Chad Whichard works with a real estate holding and development company based out of Raleigh, North Carolina. Their core business is searching for undervalued commercial properties to redevelop and or subdivide.
How do you motivate others?
I am a glass half full person so I try my best to remain positive. Mood is a motivating factor and can influence how we respond to challenges. Having everyone in the right headspace to be responsive instead of reactive is optimal. I always stress open communication and encourage all associates to speak directly when any issues arise. Calm efficiency wins the day.
How has your company grown from its early days to now?
Our original strategy was, “Buy by the pound, subdivide and resell.” But we have added rehabbing and finding unorthodox tenants, as most of the properties we acquire have passed the class A lifecycle, so to speak. It’s the area we see the most opportunity.
Who has been a role model to you and why?
My role models, were my father and also nowadays Tom Robinson, formerly of Equitable out of Atlanta. I’ll call him a mentor and coach.
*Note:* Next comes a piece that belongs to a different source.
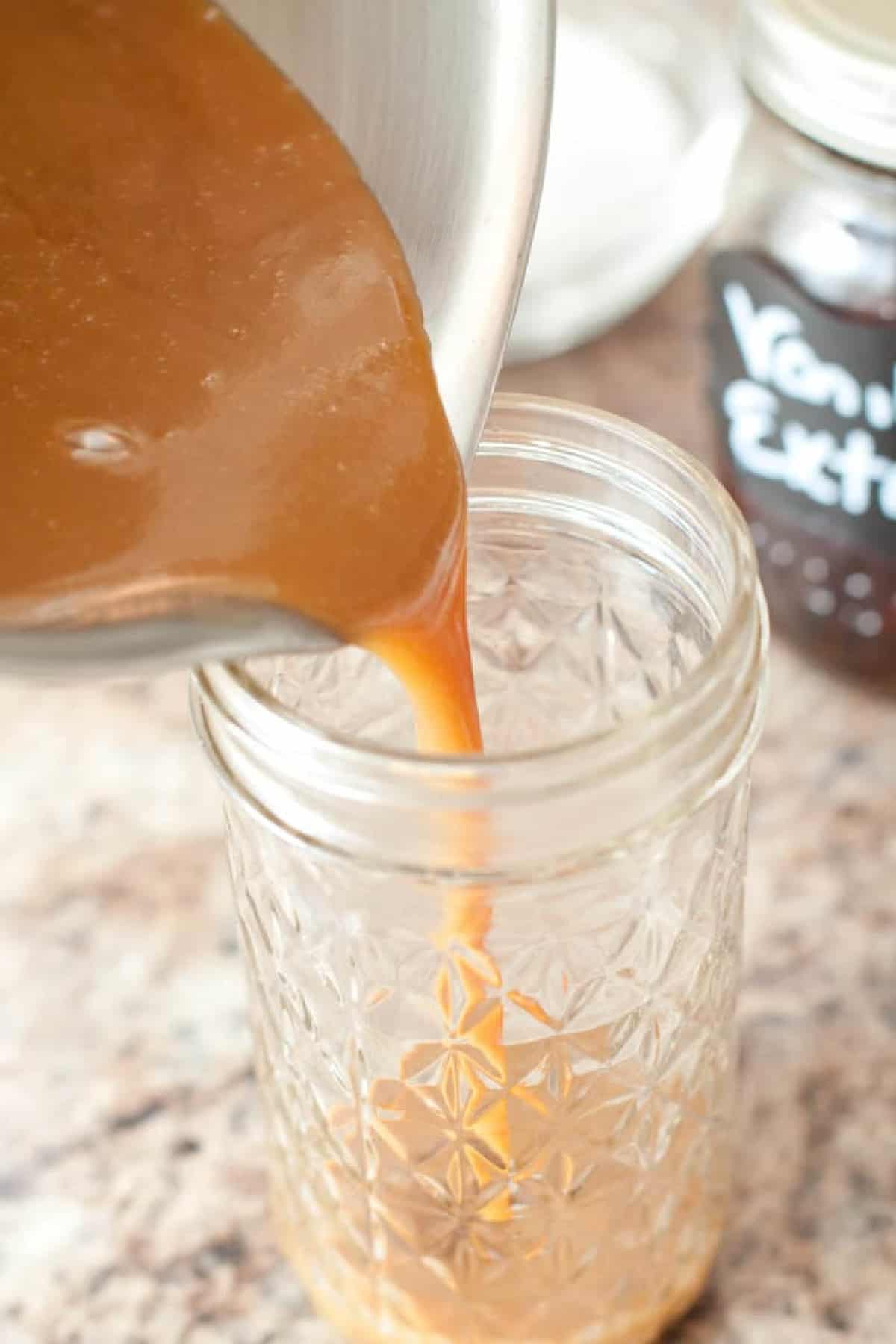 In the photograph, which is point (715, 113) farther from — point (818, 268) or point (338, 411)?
point (338, 411)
He has been and still is a key person in locating, acquiring and negotiating new deals on our behalf. I learned a lot from my father and Tom. They formed a dynamic duo and epitomized teamwork. Those two knocked it out of the park in the 90’s and early 2000’s. It was a situations where one plus one equals way more than two. That teamwork gave our investment group a lot of traction.Their efforts built a seamless continuity that stands today between Tom and our organization. This continuity makes achieving goals a lot of fun and rewarding. I look forward to continuing the team effort with Tom and expanding on those efforts. I still consider myself the new guy, always learning how much more there is to know in the world.
How do you maintain a solid work life balance?
I don’t think I’ve ever been accused of working too hard. Maybe I’ve taken on more than I could chew, but never overworked. Nowadays, I’m learning how to properly assess what to take on versus what to pass on. This is an extension of what I mentioned earlier regarding your question about motivation- possessing equanimity is an essential building block for productivity.
What has been the hardest obstacle you’ve overcome?
Dealing with the recession that we started to see signs of in 2006, was difficult, and long-lasting. In my experience, nothing had really gone terribly out of control. There had been ebbs and flows, but they were manageable. However, when the recession hit, it felt like being an ant trying to hold back a tidal wave. It crashed on me in business and greatly impacted my personal life, as I had some health and personal problems that spiraled downward simultaneously. It took years to normalize. The last few years have worked out much better, and surprisingly, even with COVID, the industry has managed well so far. Hopefully, inflation will be staved off and the economy can keep on humming with nothing more than market corrections.
What is one piece of advice that you have never forgotten?
Do what you say you are going to do. Being reliable and trustworthy are fundamental components and building blocks for life.